野村ホールディングス株式会社(代表執行役社長 グループCEO:奥田健太郎、以下「当社」)は、このたび、Circle Internet Group, Inc.(NYSE: CRCL)の関連会社である Circle Internet Financial, LLC(以下「Circle」)と、日本を含むグローバル市場におけるデジタル金融分野での戦略的協業を推進するため、基本合意書を締結しました。

当社は、ブロックチェーン技術を活用して金融取引をネットワーク上で直接行う「オンチェーン金融」の分野において、次世代の市場インフラの可能性を検討します。具体的には、法定通貨などを裏付けとする「ステーブルコイン」を用いた即時決済や、担保管理、資金移動、資本市場取引の高度化などを視野に入れています。

本合意にもとづき、Circleが有するステーブルコインおよびブロックチェーンインフラに関する専門性と、当社が有する金融市場での知見を活かし、日本を含むグローバル市場における新たなデジタル金融ユースケースや次世代市場インフラの創出に向けて協業します。

基本合意の背景

近年、金融業界では、クロスボーダー決済、為替取引、トレジャリー業務、トークン化金融商品、担保管理、資本市場取引などの領域において、より高い効率性、即時性、透明性が求められています。こうした流れの中で、ステーブルコインやブロックチェーン技術を活用した新たな金融インフラへの関心が高まっています。
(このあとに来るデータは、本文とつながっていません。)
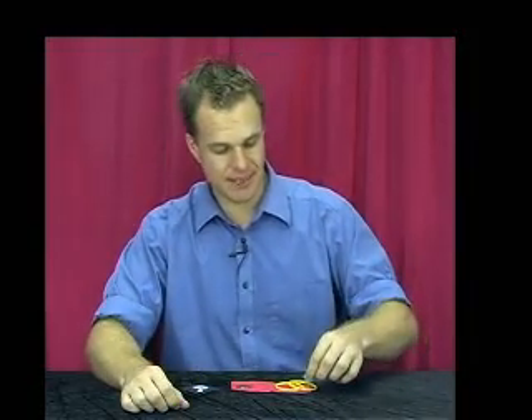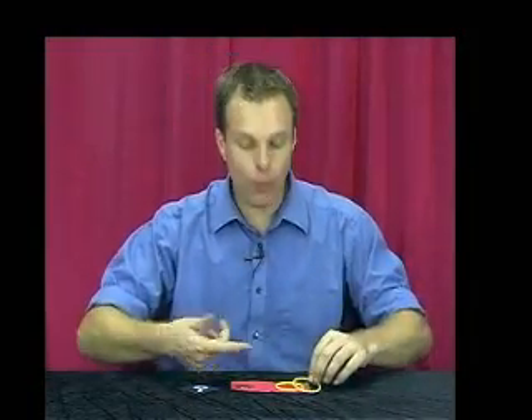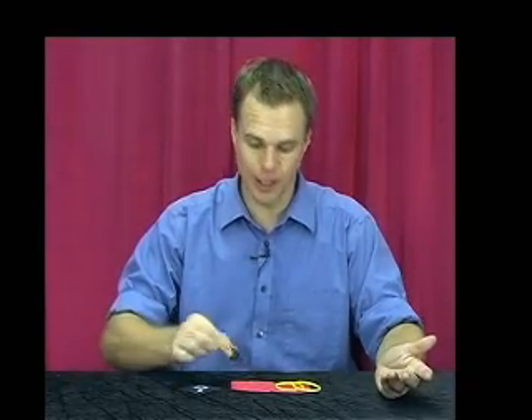Here we go with a great little trick called the magic rings and coin. I have here my one, my two little yellow rings and my one gold coin.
当社は、グローバルに金融サービスを展開する金融グループとして、デジタル資産や次世代市場インフラの可能性を見据えた取組みを進めています。今後実証実験にとどめず、実務に活用できる金融インフラとしてデジタル金融を発展させることを目指します。

こうした背景のもと、両社は、日本を含むグローバル市場における次世代デジタル金融の発展に向けて協業することで合意しました。

主な検討領域

本合意にもとづき、両社は主に以下の領域における協業を検討します。今後、両社は規制、法務、技術、事業性等の観点から具体的な協議を進めていきます。

 

  • ステーブルコインを活用したオンチェーン金融および資本市場取引
  • オンチェーンでの担保管理、資金移動、決済インフラの高度化
  • ステーブルコインの流通およびオンチェーン金融の実現に必要となる資産保全・担保管理を含めた信託機能の提供

Circleについて

Circleは、世界有数のインターネット金融プラットフォーム企業の一つであり、プログラム可能なブロックチェーンインフラ、デジタル資産、決済アプリケーションを通じて、よりオープンでグローバルな経済の基盤を構築しています。Circleのプラットフォームには、USDCを中核とする世界最大規模のステーブルコインネットワーク、グローバルな資金移動を支えるCircle Payments Network、そしてインターネットの「Economic OS」となることを目指して設計されたエンタープライズグレードのブロックチェーンであるArcが含まれます。

※ オンチェーン金融: ブロックチェーン上で金融取引や決済を行う仕組み。従来の金融システムに比べ、即時性や透明性、プログラムによる自動化に優れます。